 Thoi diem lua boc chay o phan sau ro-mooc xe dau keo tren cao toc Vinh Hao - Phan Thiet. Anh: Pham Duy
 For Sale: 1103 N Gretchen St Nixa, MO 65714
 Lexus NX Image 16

================================

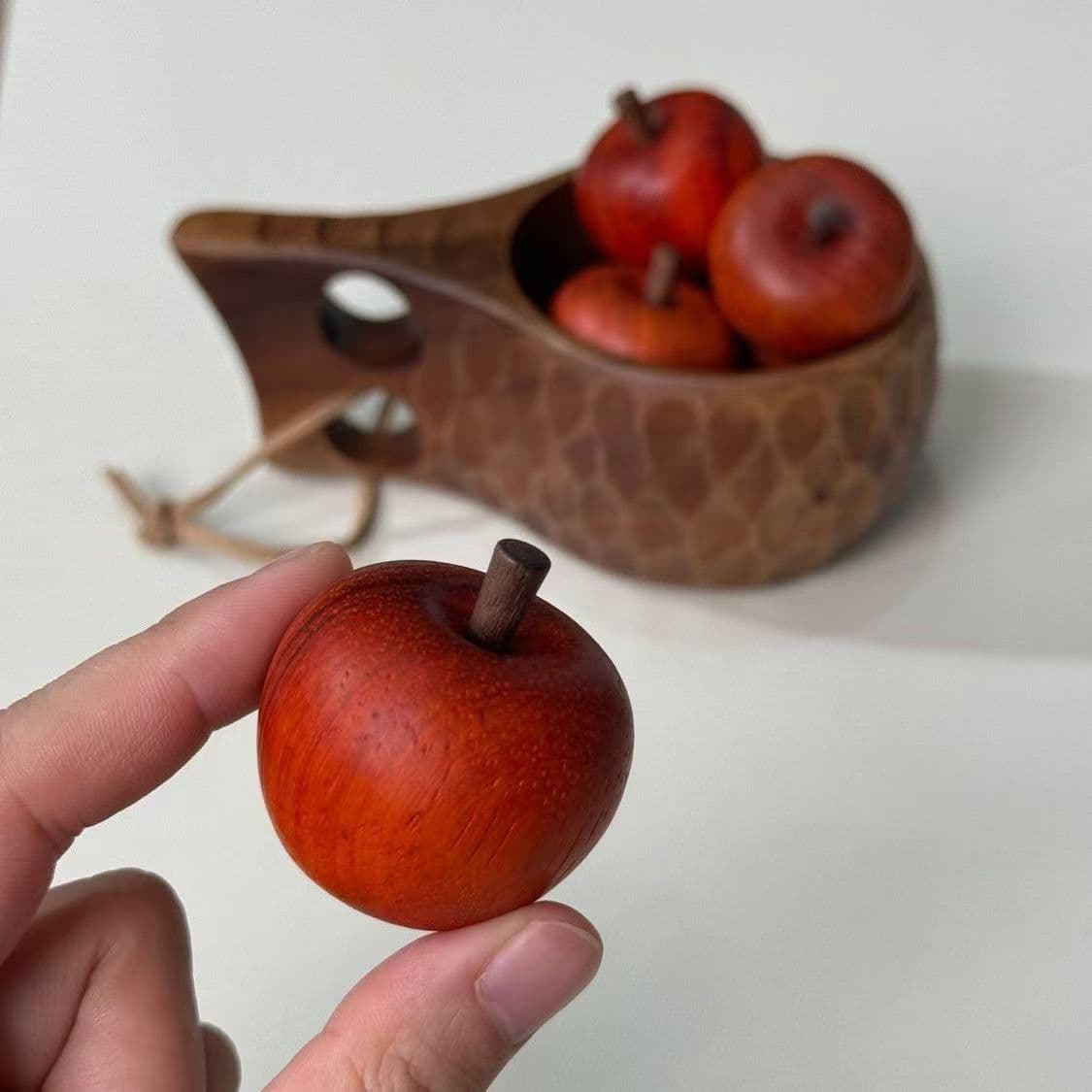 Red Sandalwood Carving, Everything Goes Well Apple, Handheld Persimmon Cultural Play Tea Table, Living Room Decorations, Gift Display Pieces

================================

▶ EXERCISE DIRECTIONS: Set down, from the entries above, exactly the lines from the one with "Thoi diem lua" up to and including the one with "Lexus NX Image 16", and no other lines.

▶ RESULT OF THE TASK:
 Thoi diem lua boc chay o phan sau ro-mooc xe dau keo tren cao toc Vinh Hao - Phan Thiet. Anh: Pham Duy
 For Sale: 1103 N Gretchen St Nixa, MO 65714
 Lexus NX Image 16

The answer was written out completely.